==== Raw data

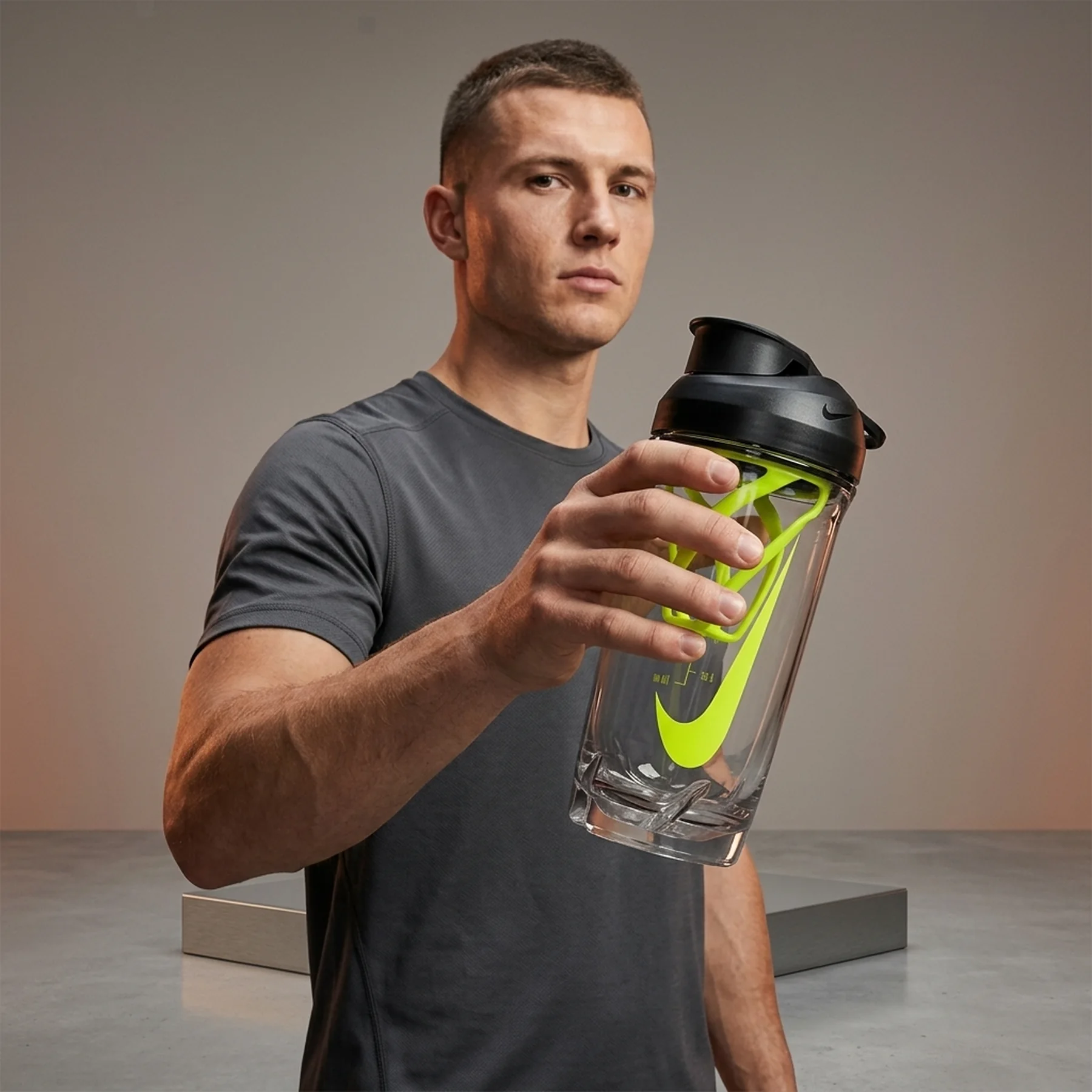 Пляшка для води Nike Tr Recharge Shaker Bottle 16 Oz (N.101.2242.914.16)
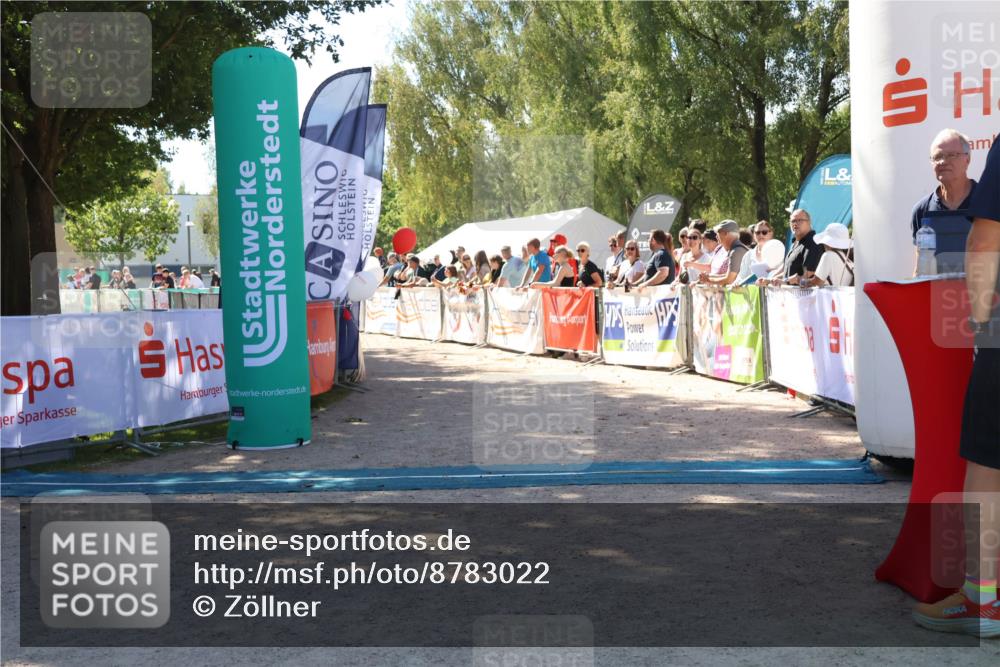 07.09.2025 - 19. Norderstedt Triathlon Zöllner http://msf.ph/oto/8783022 07.09.2025 13:03:04 Ziel  meine-sportfotos.de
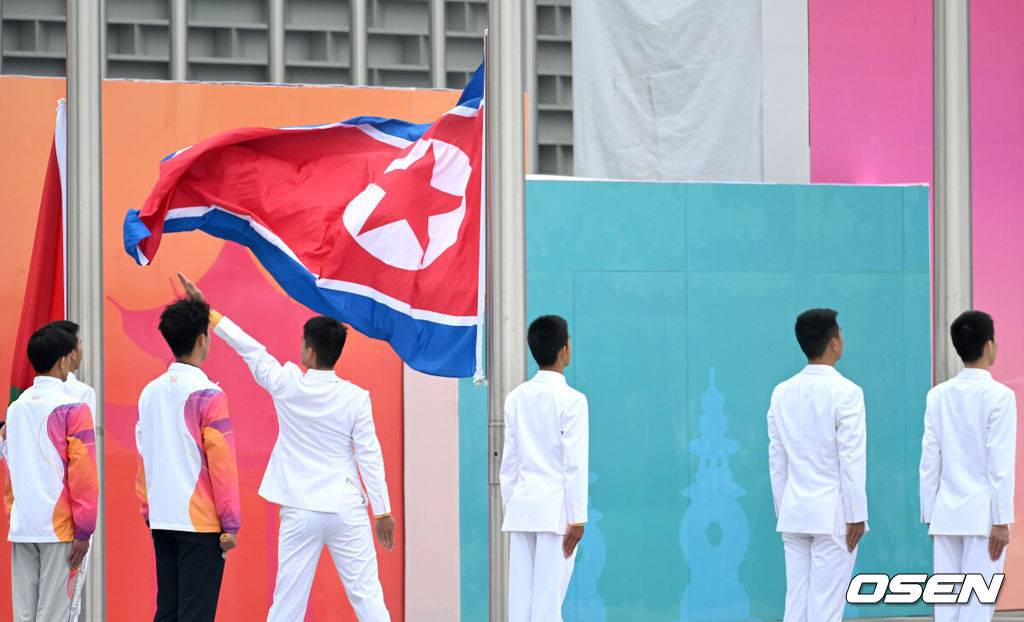 ‘19회 항저우 아시안게임’ 개막을 하루 앞둔 22일 오전 북한 선수단이 중국 항저우 선수촌에서 입촌식을 가졌다.북한 인공기가 게양되고 있다. 2023.09.22 / dreamer@osen.co.kr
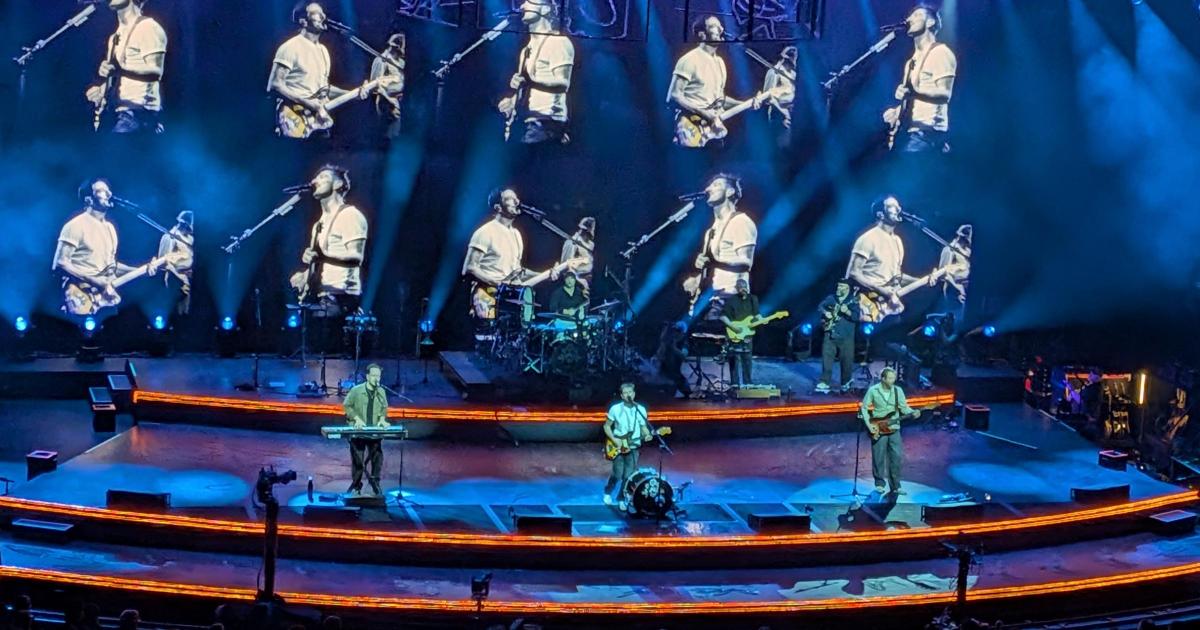 REVIEW: Mumford and Sons, Leeds Arena - with photos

========

Wherever a picture appears, omit it; copy the rest of the data exactly.

● Task response:
 Пляшка для води Nike Tr Recharge Shaker Bottle 16 Oz (N.101.2242.914.16)
 07.09.2025 - 19. Norderstedt Triathlon Zöllner http://msf.ph/oto/8783022 07.09.2025 13:03:04 Ziel  meine-sportfotos.de
 ‘19회 항저우 아시안게임’ 개막을 하루 앞둔 22일 오전 북한 선수단이 중국 항저우 선수촌에서 입촌식을 가졌다.북한 인공기가 게양되고 있다. 2023.09.22 / dreamer@osen.co.kr
 REVIEW: Mumford and Sons, Leeds Arena - with photos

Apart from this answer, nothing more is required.